It looks like Police Chief Cathy Lanier might have to go back to the drawing board.

After her new summer crime initiative enjoyed a successful rollout with a full-scale police deployment and a record number of weekend arrests two weeks back, this last weekend wasn’t nearly as peaceful. According to WJLA, four seperate shootings over a two-hour period on Saturday night and Sunday morning (two dead, two injured) forced Lanier to call a meeting today with her District Commanders to discuss how best to stem the usual summer spike in crime. Specifically, Lanier might have to look into more weekend-long mass deployments, instead of using them as one-time tools to set a tone for the summer months. Of course, should she start forcing officers to work more and more overtime, her crime strategy might start looking more and more like her predecessor’s much-hated crime emergencies — along with the consequent drops in police morale.

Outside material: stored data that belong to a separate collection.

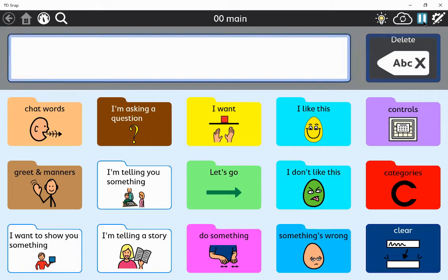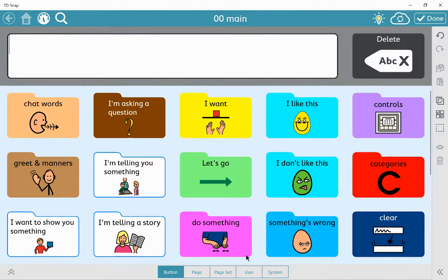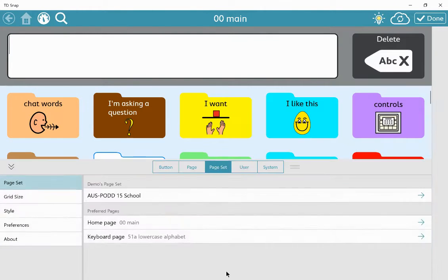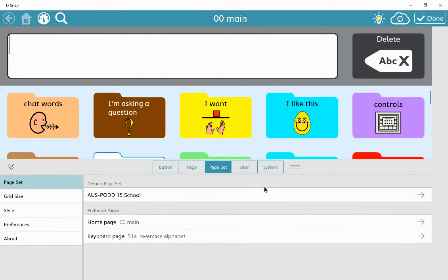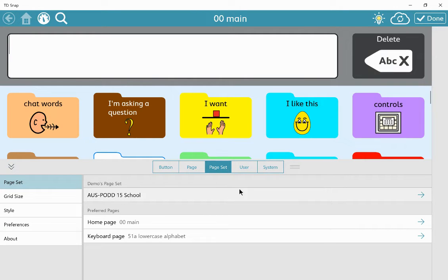If you want this to be a group scan, so it would say chat words, I'm asking a question, I want, etc., you'll need to do this manually.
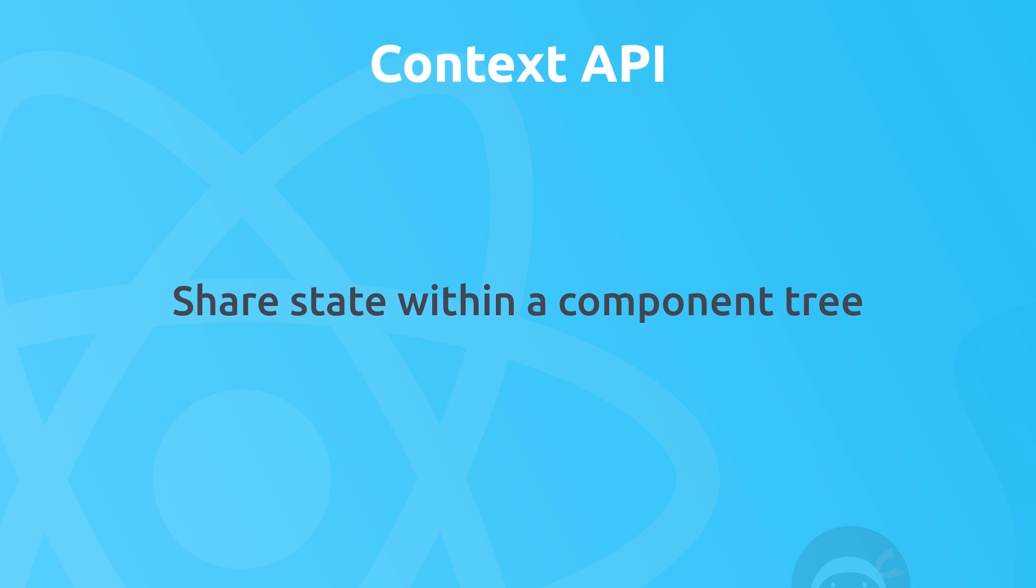Okay then, so the first thing I'd like to talk about is the Context API. The Context API gives us a way to share state up and down a component tree quite easily.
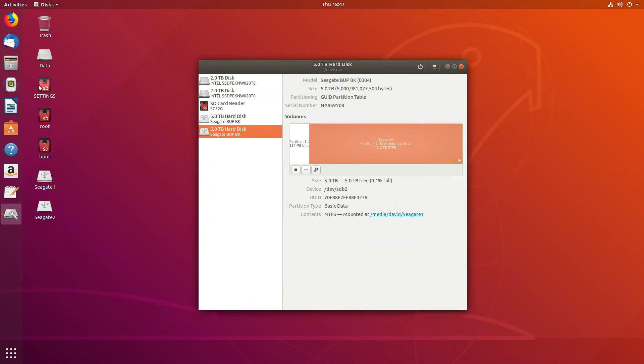SD card file systems are these three located here. And then Seagate 1 and 2 are the two 5 terabyte files.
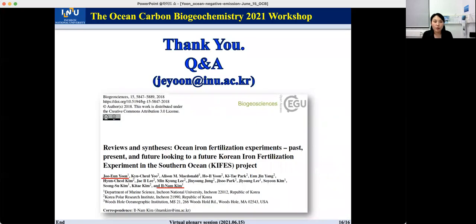This is the end of my presentation. If you have any questions, please feel free to contact me. Thank you for listening.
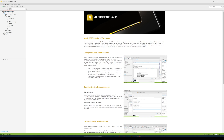Hello and welcome to today's video where we'll be giving you five top tips to improve your Vault Basic experience. Jumping straight into it, we'll be looking at how you can customize your Vault user interface to suit your needs.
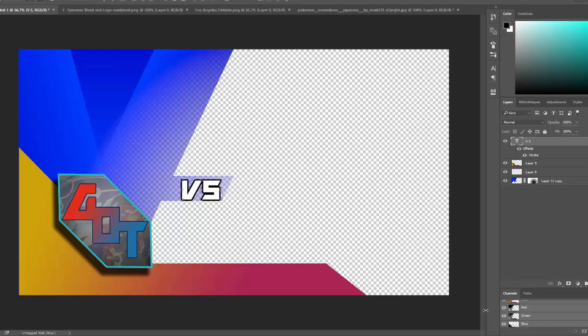Alright guys, what's up? This is the thumbnail that I came up with for the GOT that we will be using for the ones in the GOT.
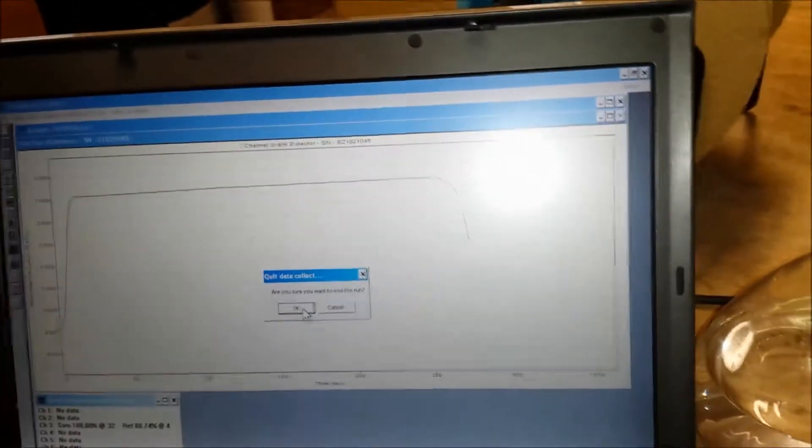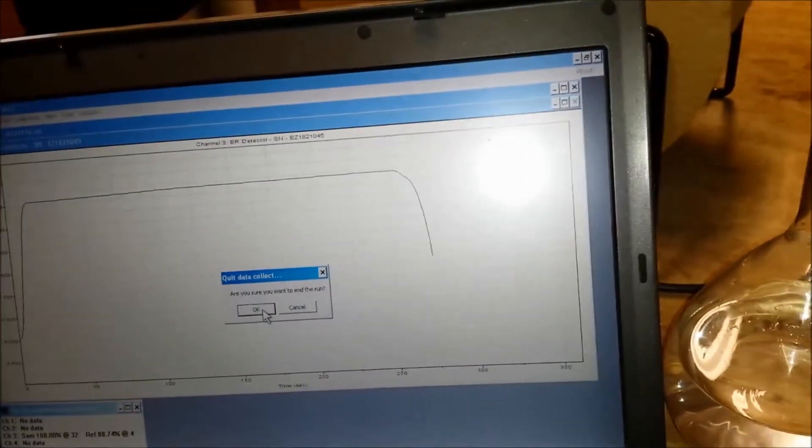And when that happens, you should see that the baseline starts to drop because the bubble has been cleared, and then you need to stop and rewind. You see the baseline dropping there.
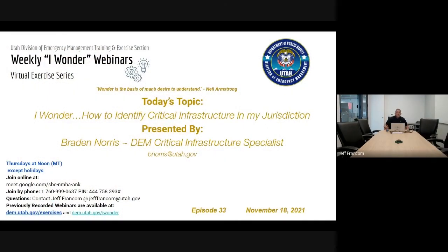Good afternoon. I'd like to welcome everyone to the 33rd DEM I Wonder webinar. The DEM has so many services, offerings, programs, and hidden gems that we want to share with all of you, so we're excited to take just a few minutes this week to highlight these features. The Utah Division of Emergency Management is hosting this weekly webinar series aimed at providing local emergency managers with relevant content and opportunities to enhance their capabilities.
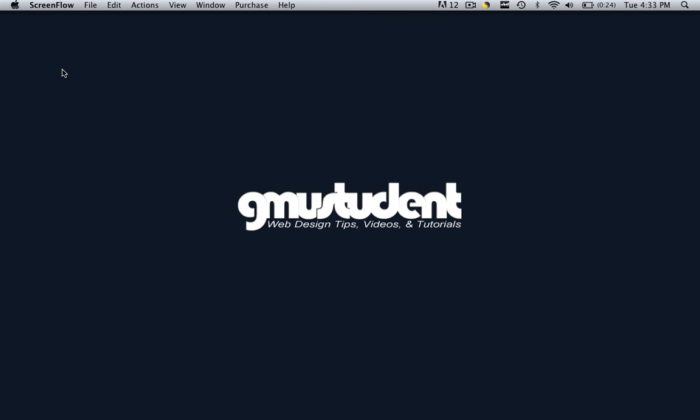Hello everyone, this is Christopher Carrington with gmustudent.com. In the previous tutorial we learned how to insert a shadow box into our web page using Dreamweaver, and today we're going to learn how to add a title to that shadow box.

Obviously, a balance is needed. I’ve been happy to see more and more police in my neighborhood, both in cars and on bikes. I was also satisfied with the full-scale deployment, but thought Lanier’s decision to make it a one-time deal was misguided. After all, what type of tone do you set when you tell the city’s residents that the rest of the summer will be business as usual? We can’t expect the city’s 3,800 police officers to work every weekend until September, but we can expect that Lanier live up to her promise to more carefully assess where crimes happen, when they happen, who commits them and what measures would best deter them. What this last weekend proved is that crime follows the balloon effect — press down on one side, and another pops up in its place — and that one-time initiatives can’t pass as sustainable strategies.